Avoiding a conversation about what our economic choices are effecting environmentally, socially, and economically is stressful for me. The expenses and costs that global capitalism externalizes in its blind pursuit of short term profit are but long term "accounts payable" that are accruing to the whole planet. These past due accounts are a critical part of the deferred conversation about America. Hughes commitment to have America be the America-it-never-has-been is an answer to this irresponsibility. It is THE place to start a profound (and paradoxically) idealistic AND realistic conversation. Given this as a framework, thinking that the deferred conversation as being about America is a misnomer. In 1938 such limits might have had relevancy. Today the conversation is a conversation about the common dream of humanity. It cannot be broadcasted nor taught as belonging to a nation. We are all in this together . Any real conversation will keep us uncomfortably awake to this fact.

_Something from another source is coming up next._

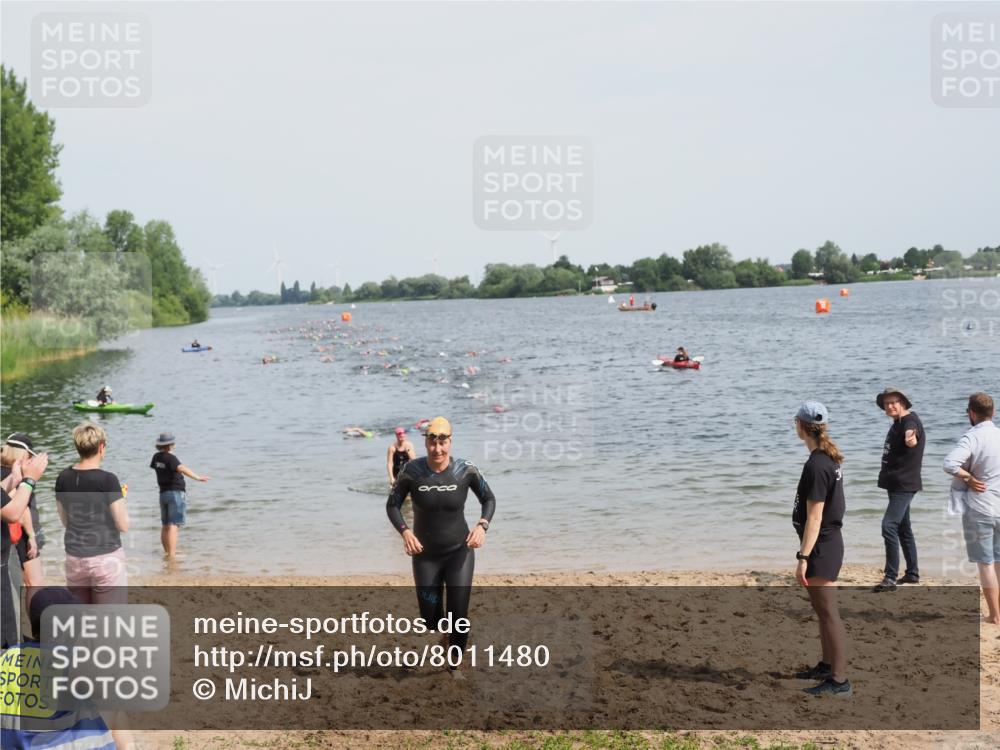 21.06.2025 - 27. Vierlanden-Triathlon MichiJ http://msf.ph/oto/8011480 15.06.2026 10:14:03 Schwimmen 472, 475, 632 meine-sportfotos.de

Do the questions I've offered these reflections on provide insights into how uncomfortable and transforming the framework of the real conversation is?

Youth Onstage! said...

Greg, thanks for your comment. I will share it with the cast at our brush-up rehearsal and will encourage them to follow the links you provide. You provide a lot to think about (more, in fact, than I'm able to reply to at this point).

I do want to say, though, in response to your remark that our play is only a "broadcast of a conversation," that the performance is merely one part of an ongoing conversation that does indeed stretch beyond the generation of the young people in the cast (after all, Dan and myself are of different generations than the performers, and the audiences that have been responding to the show are as well). After the pay, we had a talk-back (which you attended) and after that you spoke to several cast members for quite a while in the hallway. And then you posted on the blog! I'd say that the conversation has already extended well beyond the confines of the show/the theater.

I would venture to suggest, though, that the most "revoluntionary" way for the conversation to continue would be for you to organize a simple performance of your own in response to ours. Feel free to invite in Baby Boomers or anyone else you choose, feel free to bring in some of the many texts that you've referenced in your comment, or even to include the text of our show. The performance need not be complicated or professional; we hope to make people realize that all people are able to perform. If you do this, be sure to tell us about it!

I'd love to know what a group that you might be able to organize would have to say to our young cast. Let's start a chain reaction.